== Task goal ==
Your task is to transcribe the entries below exactly, from their first line down to the line containing "6 Pcs Cat Scratcher", and to stop there.

(Material provided begins)

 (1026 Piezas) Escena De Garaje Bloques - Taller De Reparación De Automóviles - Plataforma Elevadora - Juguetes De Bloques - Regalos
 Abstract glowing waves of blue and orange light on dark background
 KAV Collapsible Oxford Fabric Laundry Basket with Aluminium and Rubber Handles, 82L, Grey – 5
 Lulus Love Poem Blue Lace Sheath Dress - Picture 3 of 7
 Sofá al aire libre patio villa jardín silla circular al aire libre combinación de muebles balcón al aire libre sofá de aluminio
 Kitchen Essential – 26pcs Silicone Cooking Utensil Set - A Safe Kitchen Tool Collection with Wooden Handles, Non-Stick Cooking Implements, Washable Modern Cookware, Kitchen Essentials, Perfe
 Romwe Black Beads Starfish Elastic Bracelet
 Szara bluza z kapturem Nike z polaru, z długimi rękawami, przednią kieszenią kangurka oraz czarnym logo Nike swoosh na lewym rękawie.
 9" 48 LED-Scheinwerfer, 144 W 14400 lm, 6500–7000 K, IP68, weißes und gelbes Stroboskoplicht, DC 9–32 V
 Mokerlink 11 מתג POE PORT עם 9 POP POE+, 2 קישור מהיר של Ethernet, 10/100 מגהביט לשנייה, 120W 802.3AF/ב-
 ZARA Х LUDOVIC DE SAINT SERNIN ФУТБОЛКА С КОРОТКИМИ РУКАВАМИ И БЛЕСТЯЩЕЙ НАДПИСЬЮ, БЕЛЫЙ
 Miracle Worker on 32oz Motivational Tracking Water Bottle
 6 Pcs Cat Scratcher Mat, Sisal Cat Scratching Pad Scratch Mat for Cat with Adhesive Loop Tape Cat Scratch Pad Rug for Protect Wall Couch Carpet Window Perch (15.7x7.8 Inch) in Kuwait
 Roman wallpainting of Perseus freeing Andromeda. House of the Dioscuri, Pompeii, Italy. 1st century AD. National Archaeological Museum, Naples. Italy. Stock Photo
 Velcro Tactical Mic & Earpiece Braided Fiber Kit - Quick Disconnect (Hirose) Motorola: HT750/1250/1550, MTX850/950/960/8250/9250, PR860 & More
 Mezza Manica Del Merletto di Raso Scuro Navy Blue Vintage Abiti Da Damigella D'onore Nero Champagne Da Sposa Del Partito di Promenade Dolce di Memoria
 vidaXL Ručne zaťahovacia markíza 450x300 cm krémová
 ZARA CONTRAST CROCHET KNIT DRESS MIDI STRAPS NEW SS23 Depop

(Material provided ends)

== Task response ==
 (1026 Piezas) Escena De Garaje Bloques - Taller De Reparación De Automóviles - Plataforma Elevadora - Juguetes De Bloques - Regalos
 Abstract glowing waves of blue and orange light on dark background
 KAV Collapsible Oxford Fabric Laundry Basket with Aluminium and Rubber Handles, 82L, Grey – 5
 Lulus Love Poem Blue Lace Sheath Dress - Picture 3 of 7
 Sofá al aire libre patio villa jardín silla circular al aire libre combinación de muebles balcón al aire libre sofá de aluminio
 Kitchen Essential – 26pcs Silicone Cooking Utensil Set - A Safe Kitchen Tool Collection with Wooden Handles, Non-Stick Cooking Implements, Washable Modern Cookware, Kitchen Essentials, Perfe
 Romwe Black Beads Starfish Elastic Bracelet
 Szara bluza z kapturem Nike z polaru, z długimi rękawami, przednią kieszenią kangurka oraz czarnym logo Nike swoosh na lewym rękawie.
 9" 48 LED-Scheinwerfer, 144 W 14400 lm, 6500–7000 K, IP68, weißes und gelbes Stroboskoplicht, DC 9–32 V
 Mokerlink 11 מתג POE PORT עם 9 POP POE+, 2 קישור מהיר של Ethernet, 10/100 מגהביט לשנייה, 120W 802.3AF/ב-
 ZARA Х LUDOVIC DE SAINT SERNIN ФУТБОЛКА С КОРОТКИМИ РУКАВАМИ И БЛЕСТЯЩЕЙ НАДПИСЬЮ, БЕЛЫЙ
 Miracle Worker on 32oz Motivational Tracking Water Bottle
 6 Pcs Cat Scratcher Mat, Sisal Cat Scratching Pad Scratch Mat for Cat with Adhesive Loop Tape Cat Scratch Pad Rug for Protect Wall Couch Carpet Window Perch (15.7x7.8 Inch) in Kuwait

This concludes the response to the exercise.